Intent on becoming a patron of the arts, the prince-archbishop Wolf-Dietrich lavished much of his wealth on rebuilding Salzburg into a beautiful and Baroque city in the late 16th and early 17th centuries. In turn, his grand townscape came to inspire the young Joannes Chrysostomus Wolfgangus Theophilus Mozart. In fact, by growing up in the center of the city and composing already at five years of age, Mozart set lovely Salzburg itself to music. He was perhaps the most purely Austrian of all composers, a singer of the smiling Salzburgian countryside and of the city's Baroque architecture. So even if you're not lucky enough to snag a ticket to a performance of The Marriage of Figaro or Don Giovanni in the Haus für Mozart, you can still appreciate what inspired his melodies just by strolling through these streets.
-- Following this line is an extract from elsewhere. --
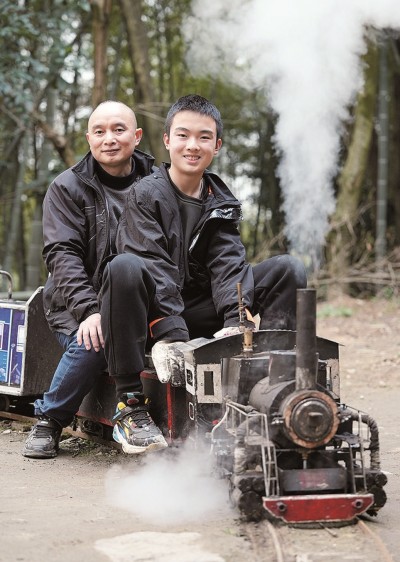 重慶自閉癥男孩癡迷火車，電工老爸十多年造了6列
Ever since the 1984 Best Film Oscar-winner Amadeus, the composer has been the 18th-century equivalent to a rock star. Born in Salzburg on January 27, 1756, he crammed a prodigious number of compositions into the 35 short years of his life, many of which he spent in Salzburg (he moved to Vienna in 1781). Indeed, the Altstadt revels in a bevy of important sights, ranging from his birthplace on the Getreidegasse to the abbey of St. Peter's, where the composer's Great Mass in C Minor was first performed.